With 2020’s tax season less than two months away, tax identity thieves will be trolling the internet for your personal data more than ever. The Federal Trade Commission reported tax fraud as the second most common form of identity theft to date. Just last year alone over $46 million dollars were claimed in fraudulent tax refunds according to the IRS.
One of the largest IRS tax theft scams in US history occurred only three years ago. Michael Oluwasegun Kazeem, a resident of Oregon and Nigerian native, spearheaded the scheme which lead to over:
- 124,500 stolen identities
- 19,500 stolen E-File PINS
- 10,139 fraudulent federal tax returns
- 2,000 fraudulent wire transfers
- $91 million generated in fake refunds.
In 2018, he was sentenced to 15 years in prison for leading the operation and ordered to pay $4.3 million in restitution. He will be deported upon completion his sentence.
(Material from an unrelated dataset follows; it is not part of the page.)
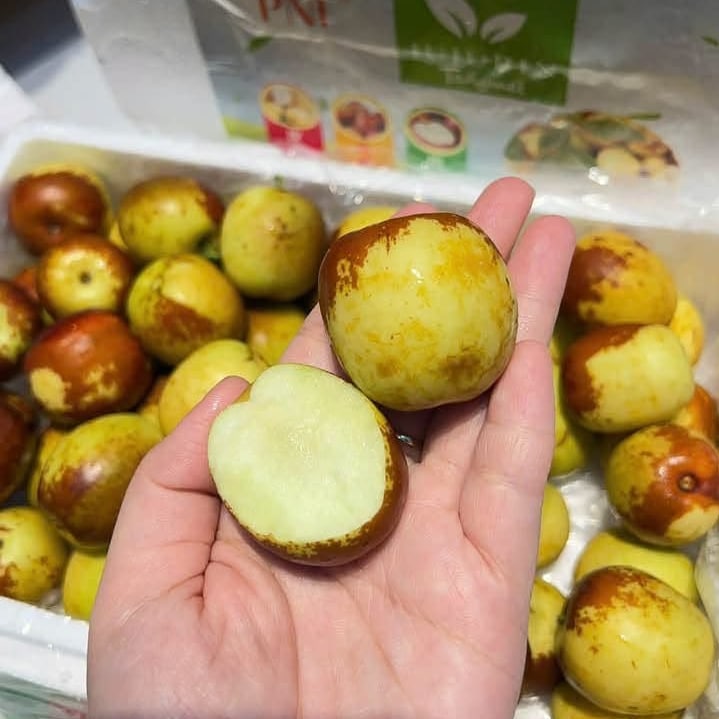 Hồng Táo
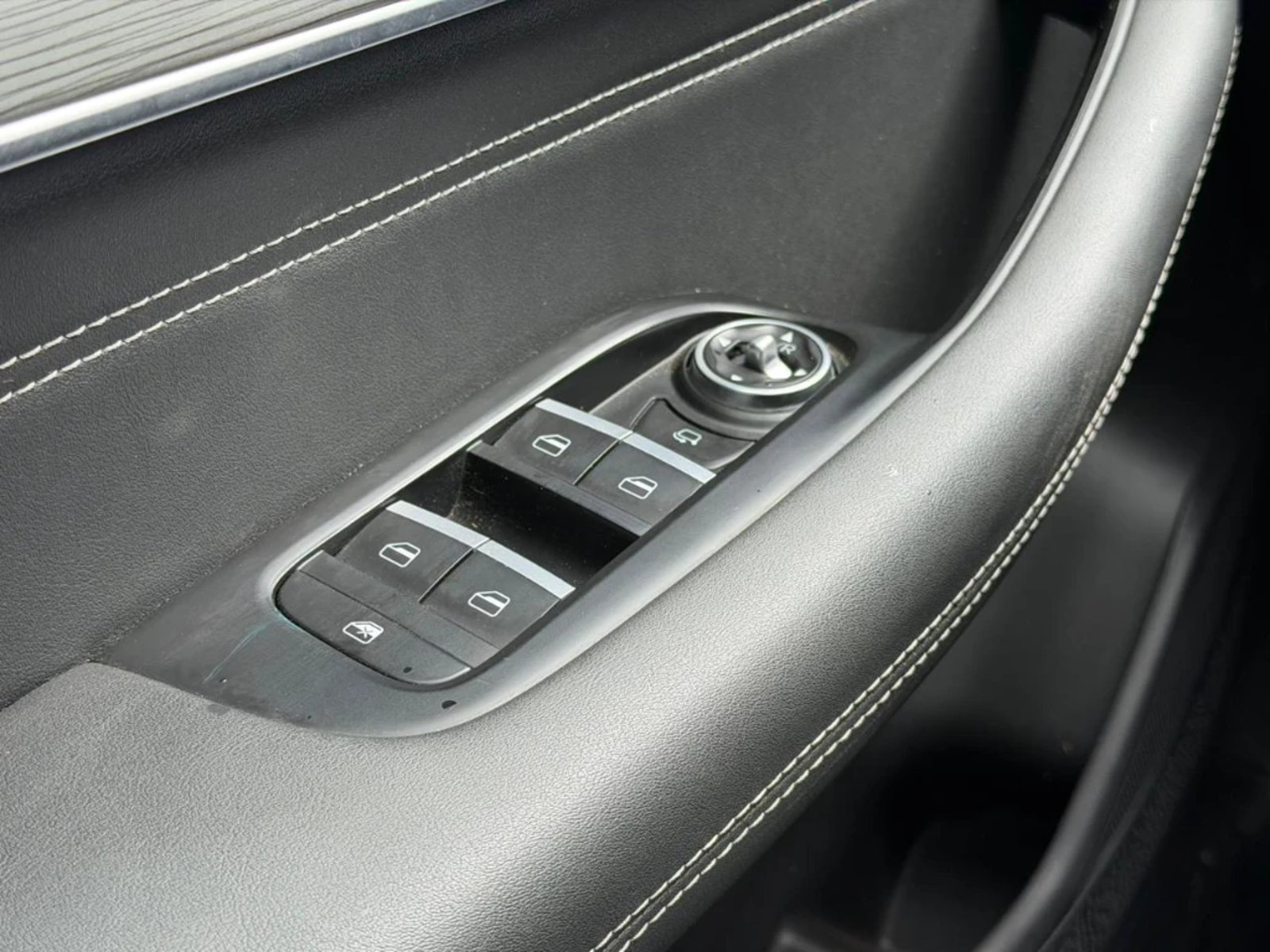 Chery Tiggo 8 pro 2024 - Imagen 15 de 20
This scam recently reared its ugly head in our Firm when a potential client reached out to us for help after one of these Nigerian scammers stole the potential client’s identity and his refund! While having your tax refund stolen is aggravating, it’s not the end of the issue for most tax identity theft victims. It can delay the filing of your own real return and set the victim back with the IRS for months by having to prove your own identity to the IRS. This can cause the addition of unwarranted tax bills, interest and penalties along the way.
It can also evolve into delayed or unfiled returns--even though it’s not the identity theft victim’s fault. And, if someone is already behind on filing, it can make tax problems worse.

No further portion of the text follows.